Third, though, any signers that are activated on-ledger can define a Regular Key and use that in a multisignature. I think it makes sense to allow a Single Use Key in a multi signature as well. We will follow the same rules for the signer in a multisig as we do for the singer of the transaction. That will require adding an optional SingleUseKey field to the Signer and CounterpartySignature inner objects, too.

6.b. Tickets

Tickets allow transactions to execute out of order. Transactions signed with a chain of Single Use Keys effectively define their own order. Users using tickets will need to be cautious to ensure their ticket-based transactions and Single Use Keys are submitted and validated in an order that works.
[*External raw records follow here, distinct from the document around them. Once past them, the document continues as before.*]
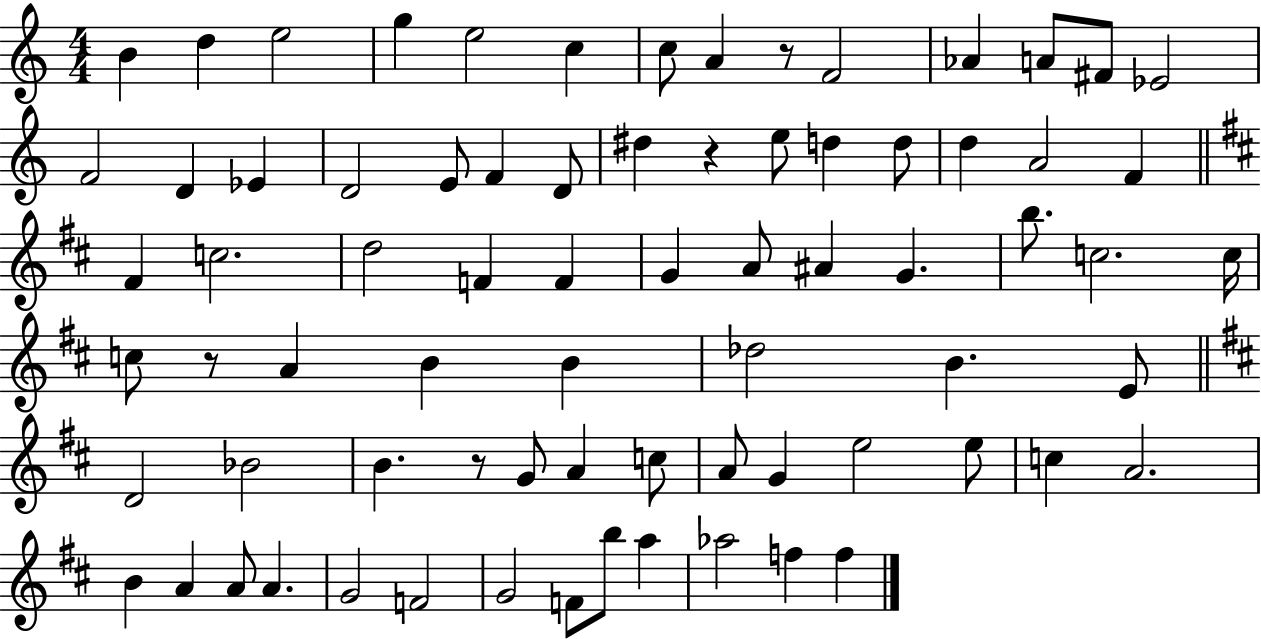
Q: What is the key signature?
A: C major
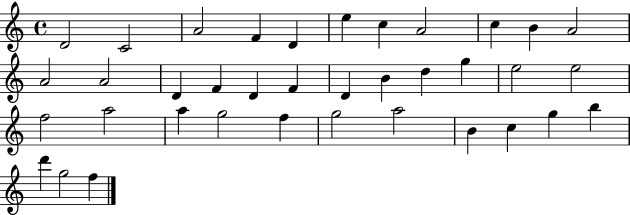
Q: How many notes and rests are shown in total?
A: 37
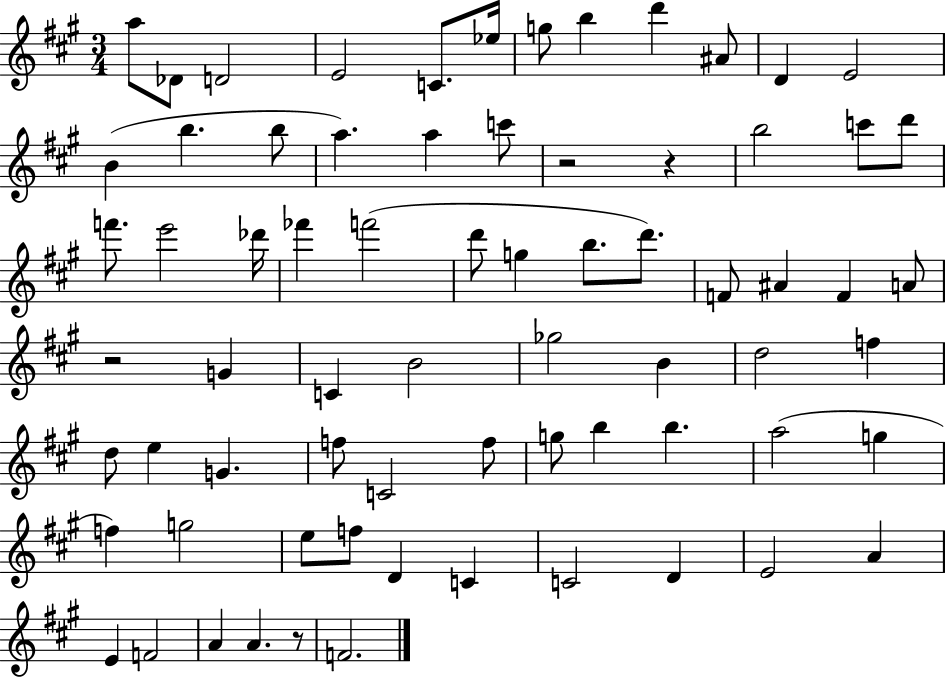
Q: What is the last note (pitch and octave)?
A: F4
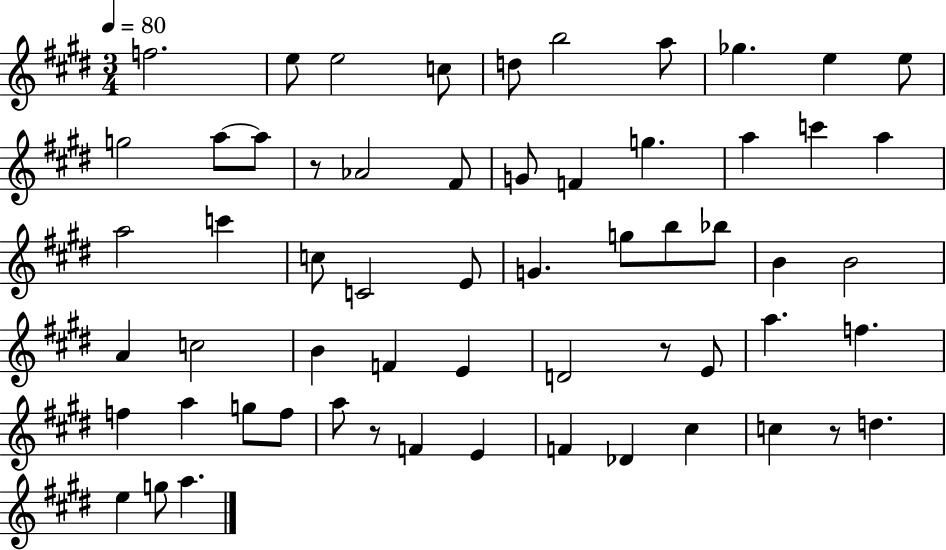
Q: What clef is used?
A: treble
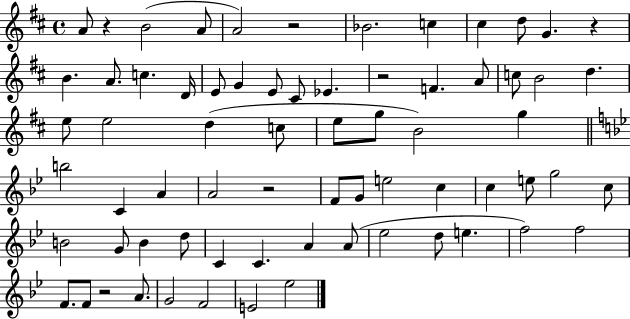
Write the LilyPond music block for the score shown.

{
  \clef treble
  \time 4/4
  \defaultTimeSignature
  \key d \major
  a'8 r4 b'2( a'8 | a'2) r2 | bes'2. c''4 | cis''4 d''8 g'4. r4 | \break b'4. a'8. c''4. d'16 | e'8 g'4 e'8 cis'8 ees'4. | r2 f'4. a'8 | c''8 b'2 d''4. | \break e''8 e''2 d''4( c''8 | e''8 g''8 b'2) g''4 | \bar "||" \break \key g \minor b''2 c'4 a'4 | a'2 r2 | f'8 g'8 e''2 c''4 | c''4 e''8 g''2 c''8 | \break b'2 g'8 b'4 d''8 | c'4 c'4. a'4 a'8( | ees''2 d''8 e''4. | f''2) f''2 | \break f'8. f'8 r2 a'8. | g'2 f'2 | e'2 ees''2 | \bar "|."
}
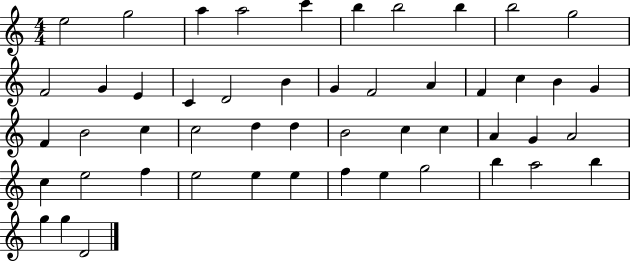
E5/h G5/h A5/q A5/h C6/q B5/q B5/h B5/q B5/h G5/h F4/h G4/q E4/q C4/q D4/h B4/q G4/q F4/h A4/q F4/q C5/q B4/q G4/q F4/q B4/h C5/q C5/h D5/q D5/q B4/h C5/q C5/q A4/q G4/q A4/h C5/q E5/h F5/q E5/h E5/q E5/q F5/q E5/q G5/h B5/q A5/h B5/q G5/q G5/q D4/h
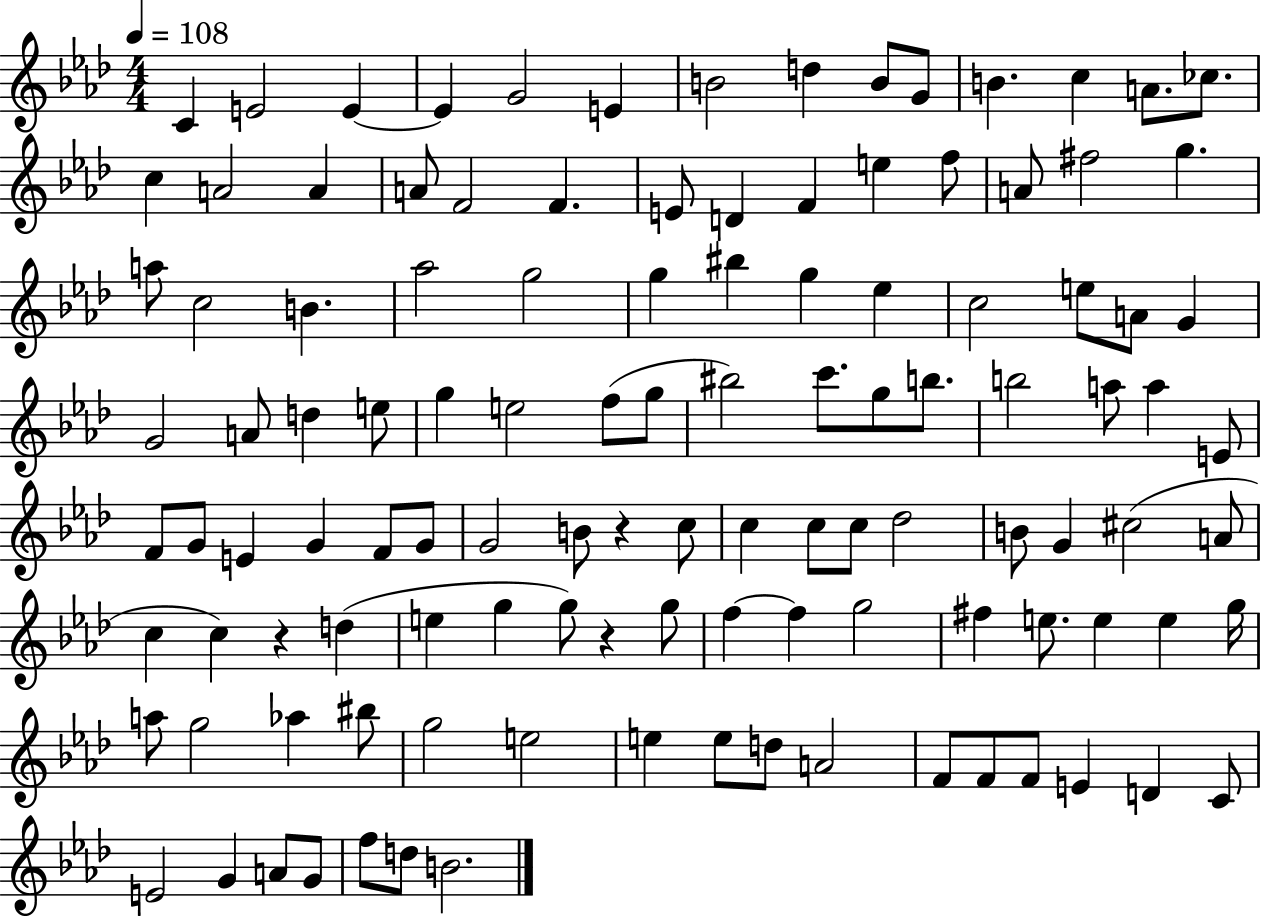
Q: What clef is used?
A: treble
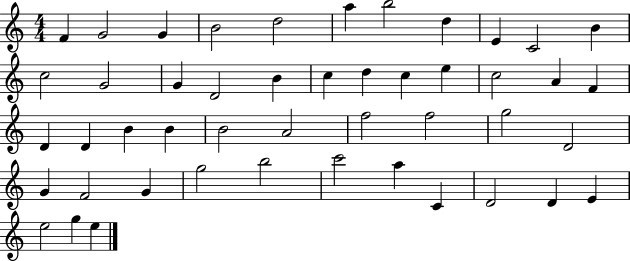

They may need to wait for each transaction to be validated before singing and submitting the next one.

If a transaction using a Ticket and signed with a Single Use Key that isn't yet valid is made public, it will not be able to be processed or claim a fee, and thus won't be broadcast, but it will be held by the submission node for a limited amount of time before being discarded. The risk is that if that submission node is public, an attacker could potentially subscribe to the proposed transactions stream, watch for such transactions, and if the quantum attack is fast enough, break their key, and sign a new transaction using that key, and submit it as soon as the key becomes valid. If their transaction succeeds in getting validated instead of the original, the attacker could cause all kinds of mischief, including draining an account's funds, and setting a new Regular Key or Signer List, and a new Single Use Key, potentially completely taking over the account. There is little or nothing that the XRPL can do to mitigate this risk, so the responsibility for that will land back on the user.

6.c. User error

We can't protect the user from themselves. If, for example, a user reuses an ephemeral key, there's nothing we can reasonably do to detect or prevent it.

We can detect if the user tries to set the Single Use Key to one of the existing keys - master, regular, signers(?), signers' regular(?), signer's ephemeral(?)... How deep do we go with that? Transactors don't load the signers list unless the transaction is multisigned. Should we start doing that if a Single Use Key is set? Or do we limit it to what is currently reasonable?